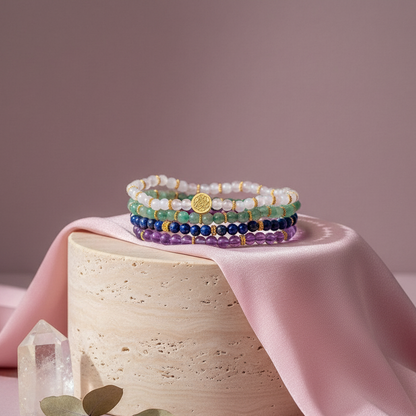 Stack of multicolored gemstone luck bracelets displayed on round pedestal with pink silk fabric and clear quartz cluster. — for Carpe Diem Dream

---

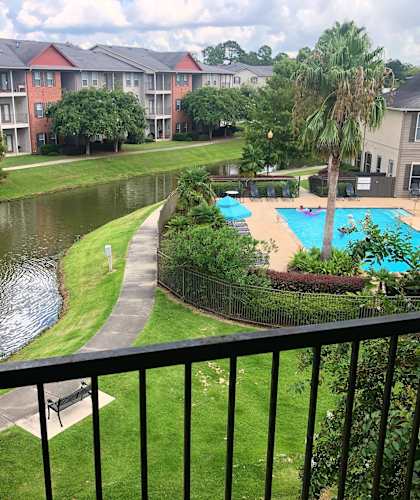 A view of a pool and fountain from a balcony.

==

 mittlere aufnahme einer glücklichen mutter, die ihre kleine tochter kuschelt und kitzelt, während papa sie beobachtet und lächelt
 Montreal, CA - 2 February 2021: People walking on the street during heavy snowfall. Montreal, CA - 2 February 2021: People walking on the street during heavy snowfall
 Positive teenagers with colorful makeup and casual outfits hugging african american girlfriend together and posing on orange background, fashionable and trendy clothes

◆ **Instructions for the task**:
What you give back must be the stretch above, starting at the line with "during heavy snowfall." and ending at the line with "Positive teenagers with", copied exactly.

◆ **Solution to this task**:
 Montreal, CA - 2 February 2021: People walking on the street during heavy snowfall. Montreal, CA - 2 February 2021: People walking on the street during heavy snowfall
 Positive teenagers with colorful makeup and casual outfits hugging african american girlfriend together and posing on orange background, fashionable and trendy clothes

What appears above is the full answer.